» WHAT YOU HAVE TO DO: What follows is a set of records. Copy them exactly and leave out the images.

──────── EXTRACTED ENTRIES

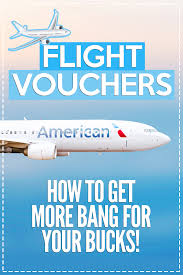 Pin On Budget Travel Tips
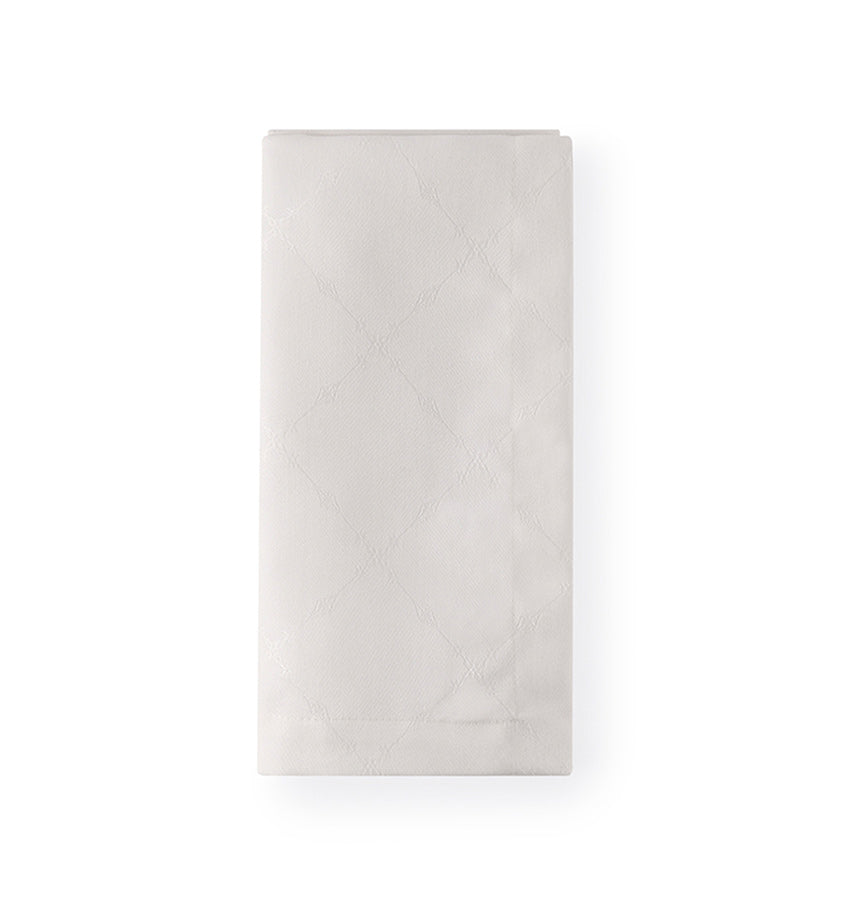 Juliet Napkins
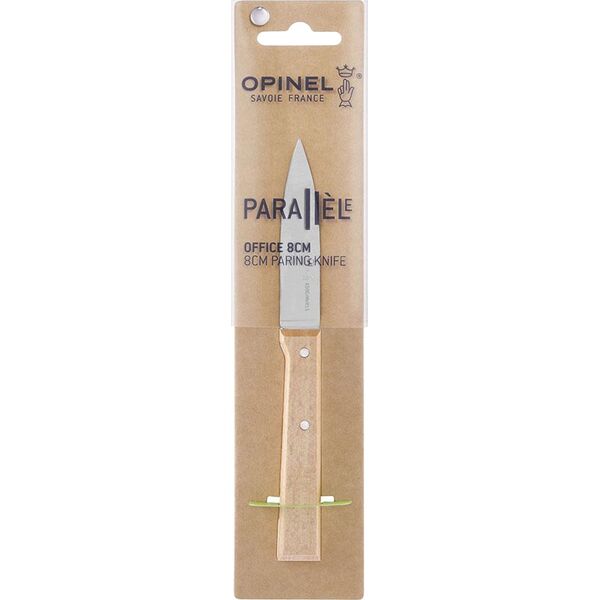 Opinel Opinel Parallele kitchen knife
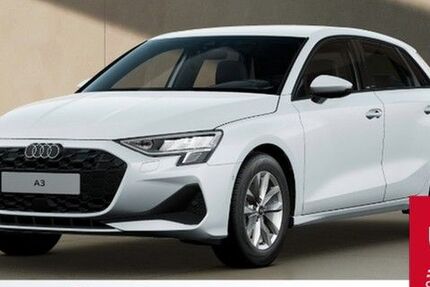 Audi A3 26.790 km 28.440 &euro; Recklinghausen 45657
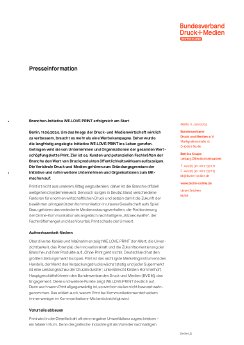 2024-06-11_PI_Start der Brancheninitiative WE.ARE.Print.pdf
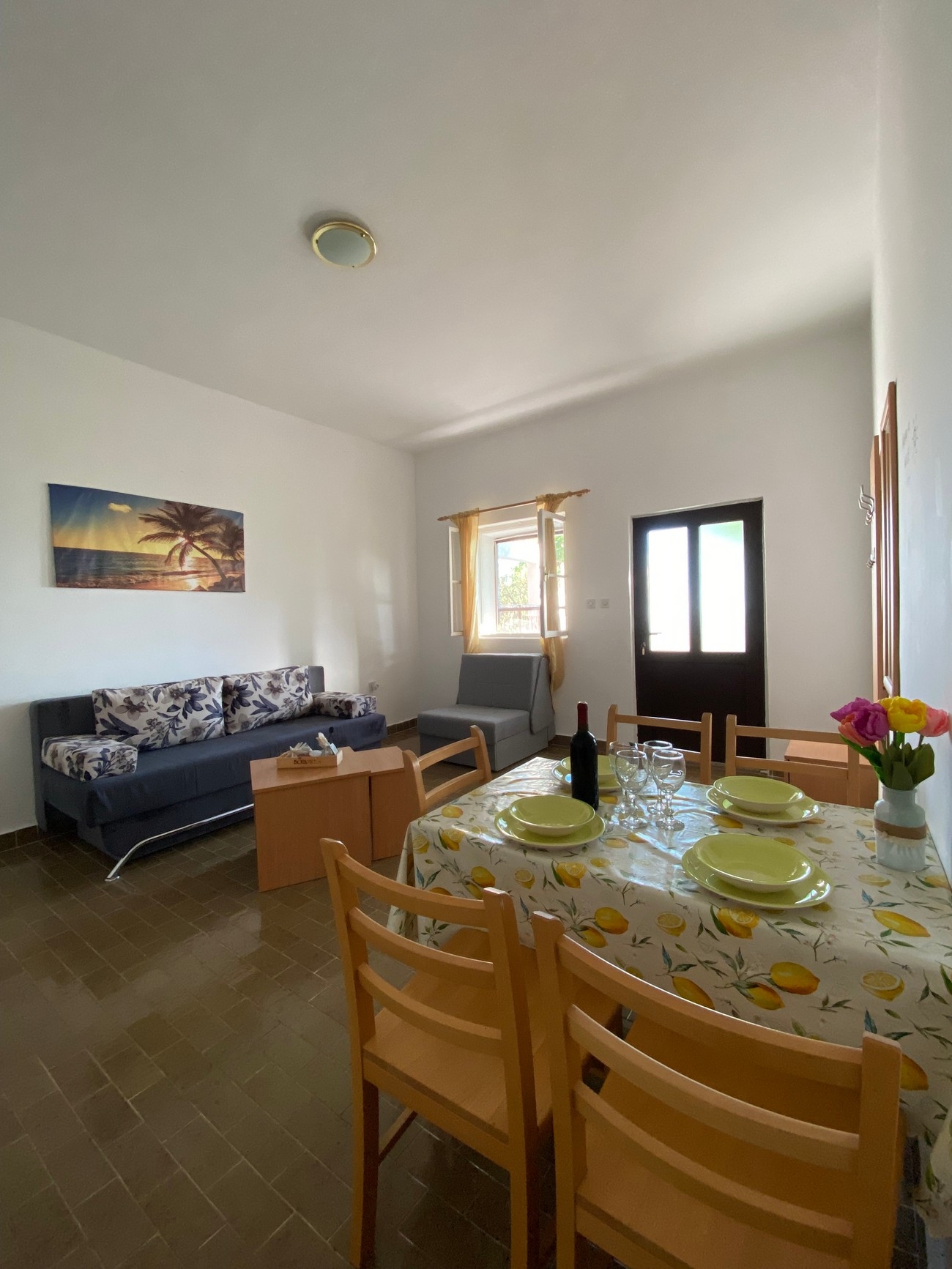 Top Hvar Ivan Dolac Top Hvar Ivan Dolac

────────────────

» TASK ANSWER:
 Pin On Budget Travel Tips
 Juliet Napkins
 Opinel Opinel Parallele kitchen knife
 Audi A3 26.790 km 28.440 &euro; Recklinghausen 45657
 2024-06-11_PI_Start der Brancheninitiative WE.ARE.Print.pdf
 Top Hvar Ivan Dolac Top Hvar Ivan Dolac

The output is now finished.